Bekir Yıldız'la Nehir Söyleşi

'Hayatın gelişine yürüdüm, hayal peşinde koşmadım'

Bekir Yıldız'la Nehir Söyleşi

12. BÖLÜM

Siyasi ve idari kimliği dışında, sıkıntı ve yokluk yıllarının yetiştirdiği, bir dönemin siyasi çalkantıları içinde, İman ve islam davasının bir neferi olarak aksiyon ve fikir adamı, bir devrin tanığı Bekir Yıldız’ın hatıralarını Nehir Söyleşileri olarak paylaşıyoruz…

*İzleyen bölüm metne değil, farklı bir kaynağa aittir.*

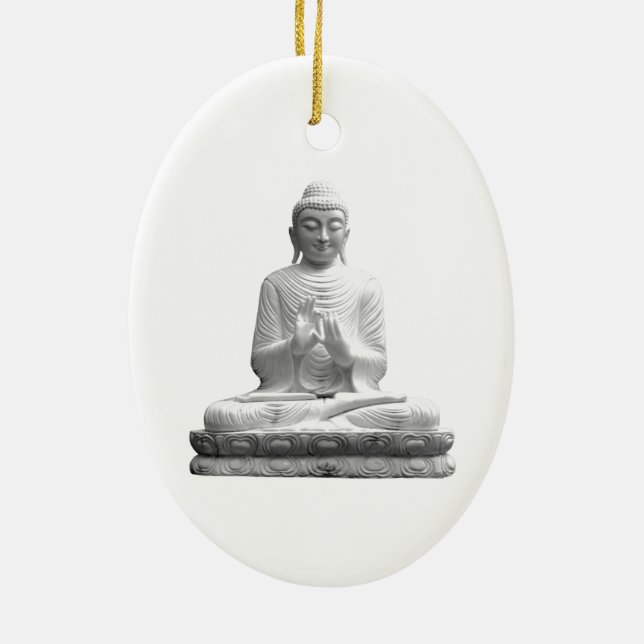 White Buddha Statue Ceramic Tree Decoration (Back)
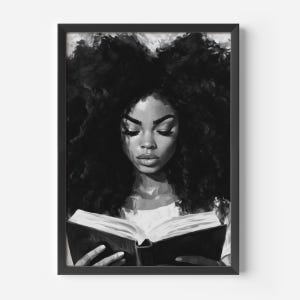 African american woman reading wall art afrocentric book lover art print literary aesthetic painting intellectual decor gift for book lovers
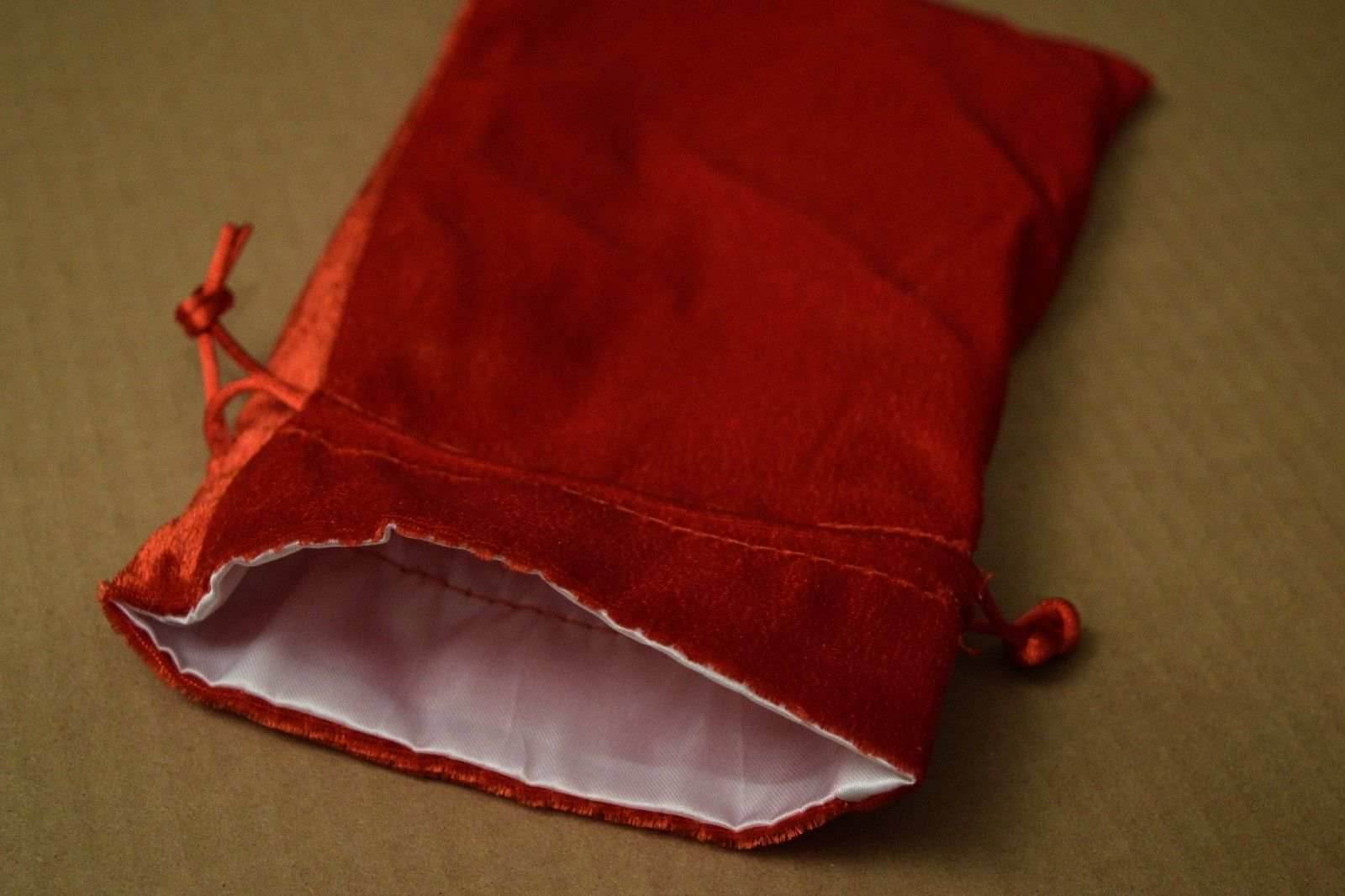 NEW Large Red Velvet RPG Game Dice Bag w/ White Satin Lining Counter Pouch Gift - 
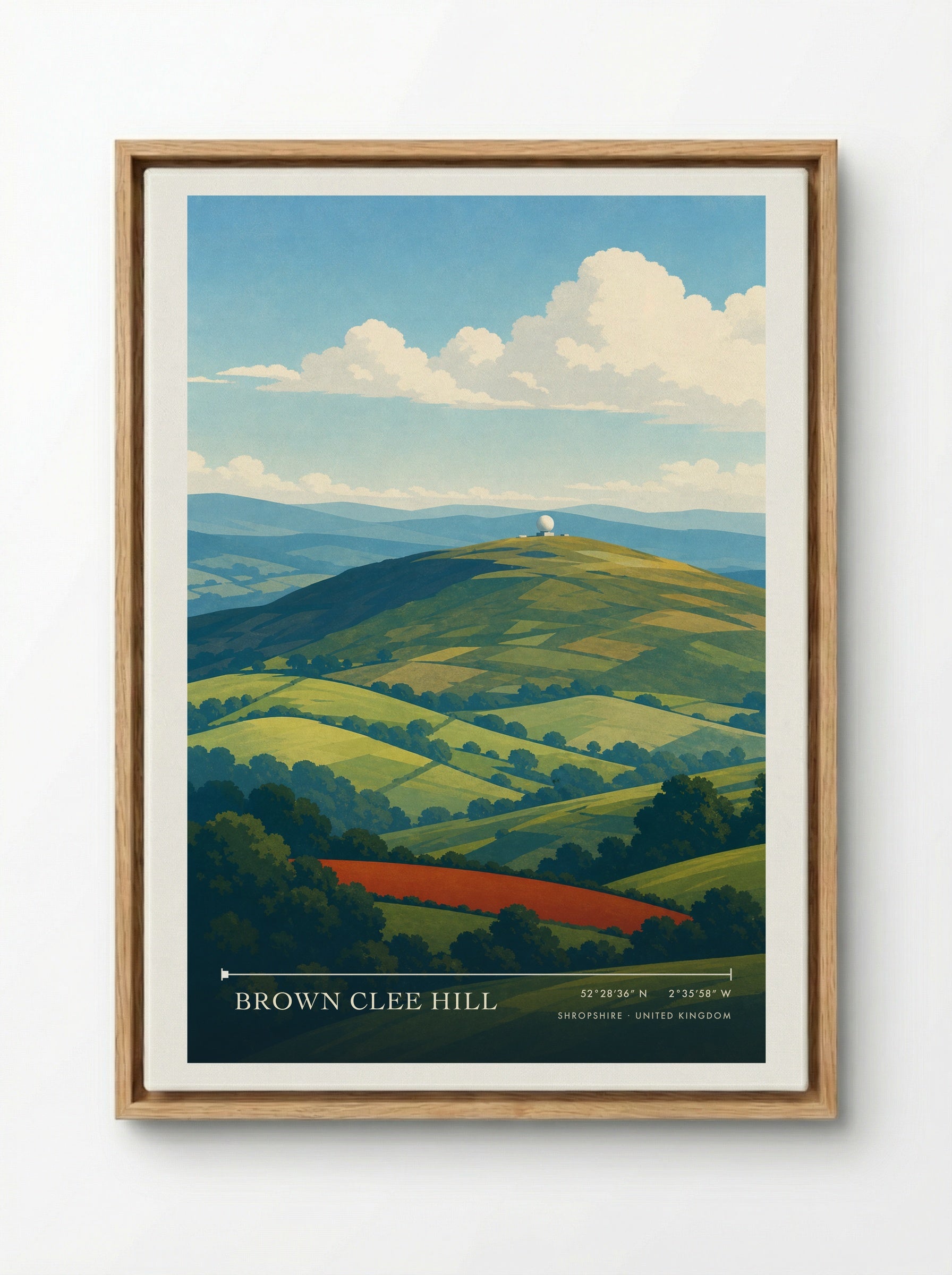Brown Clee Hill Shropshire United Kingdom Travel Poster - Framed Canvas Wood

-Efendim  şöyle  söyleyebilir miyiz? Çok güzel bir şeye temas ettiniz.  doğduğunuzla bu zamana kadar gelen dönemde birçok olaylara şahit oldunuz. Birçok olaylar oldu. Bizim de şahit olduğumuz.

 -Evet şahit olamadığımız olaylar da var ama genelde bütün Türkiye'yi, dünyayı alakadar eden olaylara şahit de oldum ayrıca.

-Efendim bu yönden siz şimdiki nesle göre çok şanslısınız. Diyebilir miyiz? 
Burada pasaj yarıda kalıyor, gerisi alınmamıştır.